Why can we assume fourier cofficients will have a one term per integer multiple of the period I was reading:
https://en.wikipedia.org/wiki/Fourier_series#Definition
Where they begin to motivate the theory of fourier series using finite sized expansions.  
And the first equation has me a bit stuck. 
The author writes: 
$$ s_N(x) = \sum_{n=1}^{N} A_n \sin \left( \frac{2\pi nx}{P} + \phi_n\right)$$
Now suppose something was approximated by the series 
$$ s_N(x)=\sin(2\pi x ) + \frac{1}{2} \sin\left(2\pi x + \frac{1}{2} \right)+\frac{1}{4}\sin \left(2\pi  x + \frac{1}{4} \right) + ...$$
Or more generally 
$$ s_n(x) = \sum_{k=0}^{\infty} a_k \sin \left(2\pi x + b_k \right) $$
Its not obvious to me that, if the series converges, it necessarily can be written as $c_1  \sin \left( 2 \pi x + c_2 \right)$ 
One can I suppose decompose the sine terms into complex exponentials and see that phase shift corresponds to multiplication by a constant, but its not obvious that these series can then be recombined into a single $\sin$ term. 
How can I show this fact, since otherwise I feel I am on shaky ground (intuition-wise) for assuming that we can approximate any function.
 A: Ok, you have a series with partial sums $s_N$ of the form
$$
s_N(x) = \sum_{n=1}^N A_n\sin(2\pi x+\phi_n).
$$
We will prove the following surprising fact below:

If the number sequences $s_N(0)$ and $s_N(1/4)$ converge, then $s_N$ converges uniformly (!) on $\mathbb R$ to a function of the form $s(x) = B\sin(2\pi x + \psi)$ with $B\in\mathbb R$ and $\psi\in [-\pi,\pi]$.

By the trigonometric product formula,
\begin{align*}
s_N(x)
&= \sum_{n=1}^NA_n(\sin\phi_n\cos(2\pi x) + \cos\phi_n\sin(2\pi x))\\
&= \left(\sum_{n=1}^NA_n\sin\phi_n\right)\cos(2\pi x) + \left(\sum_{n=1}^NA_n\cos\phi_n\right)\sin(2\pi x).
\end{align*}
Denote the sums in parentheses by $a_N$ and $b_N$, respectively.
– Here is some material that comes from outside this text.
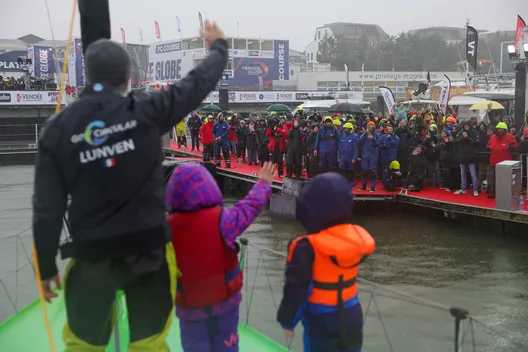 LES SABLES D'OLONNE, FRANCE - 25 JANVIER 2025 : HOLCIM - Le skipper de PRB Nicolas Lunven (FRA) est photographié après avoir pris la 6e place du Vendée Globe, le 25 janvier 2025 aux Sables d'Olonne, France - (Photo by Jean-Marie Liot / Alea)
By the Wiki article,
$$
s_N(x) = B_N\sin(2\pi x + \psi_N)
$$
with $B_N = \sqrt{a_N^2+b_N^2}$ and $\psi_n = \arctan2(a_N,b_N)$. Now, note that $a_N = s_N(0)\to a$ and $b_N = s_N(1/4)\to b$ as $N\to\infty$. Hence, $B_N\to B:= \sqrt{a^2 + b^2}$. By putting $0$ and $1/4$ into $s_N$, we also see that $\sin\psi_N\to a/B$ and $\cos\psi_N\to b/B$. Hence, also $\psi_N$ converges to some $\psi\in[-\pi,\pi]$. It follows that
\begin{align*}
|s_N(x) - B\sin(2\pi x+\psi)|
&= \left|B_N\sin(2\pi x+\psi_N) - B\sin(2\pi x+\psi)\right|\\
&\le |B_N-B||\sin(2\pi x+\psi_N)| + |B||\sin(2\pi x+\psi_N) - \sin(2\pi x + \psi)|\\
&\le |B_N-B| + |B||\psi_N-\psi|,
\end{align*}
whicch proves that $s_N$ to converges uniformly to $s(x) := B\sin(2\pi x+\psi)$.